On April 19th, we received the news that my brother John, who lived in SC, passed away suddenly due to a sudden and tragic accident. He had no idea that when he woke up that morning, that this was going to be his last day on earth. Thankfully, he was prepared. He had given his life over to Jesus and he knew where he was going when that time came. But for those of us who loved him, we wrestled with “What if….” You can never know for certain how long a loved one will be with you.

Almost three weeks later, we were again faced with an unprepared 'exit' of sorts. My son and daughter in love were getting ready for the birth of their second child, a son. According to the doctors, he was due to arrive right before his sister's first birthday in June. On May 1st, Sherry's water broke, and by 10:30 that evening, they knew it was time for him to be born. Coming in at 4 lbs 14 oz, Aiden was a perfect, tiny little baby boy. When his parents woke up that morning, they had no idea they would be looking at the face of their son that night. Thankfully, they were prepared. They had all of the essential items they would need for his arrival, when that time came. That being said, we couldn't help but wonder, “What if....” You can never know for certain when a baby will arrive.

Timing. God's Perfect Timing. Although we don't know when events will occur, God does.

Thousands of years ago, God's people waited for their Messiah. They didn't know when he would come, but they waited and hoped…and prayed. Many, many years later, a tiny baby boy was born in the middle of a small and unassuming town.

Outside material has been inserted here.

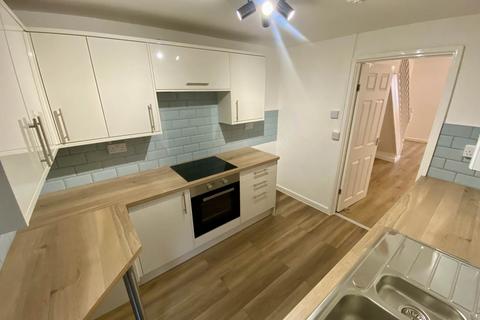 undefined, Pegler Street, Brynhyfryd, , Swansea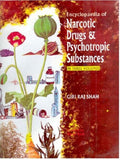 Encyclopaedia of Narcotic Drugs and Psychotropic Substances 3 Vols. Set - Gyan Books - Distacart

No one anticipated that the birth of this child Jesus, would make a difference in anyone's life. But God knew.

Thirty three years later, that now grown Jesus was walking up a hill, dragging a beam. He was then crucified and died on a cross. No one anticipated that the death of this man would make a difference in anyone's life. But God knew.

Three days later, three women went to a tomb to prepare his body for burial. They didn't anticipate that He would no longer be there, and was in fact, alive. They didn't know that this one event would forever change history and the course of countless people's lives. But God knew.

God was not surprised when that baby was born in a Bethlehem stall. It was His time.

God was not surprised when Jesus was crucified, died and arose from the dead. It was His time.

God was not surprised when my brother died that night. It was his time.

God was not surprised when little Aiden was born a month before he was anticipated. It was his time.

Although we may never understand the 'why' of certain events, we can find comfort in the fact that God does have it all under control, and He is waiting to comfort us in our grief. He is waiting to calm us when unforeseen circumstances occur. And He is waiting to celebrate with us when we receive unexpected gifts. God is good all the time and all the time, God is good.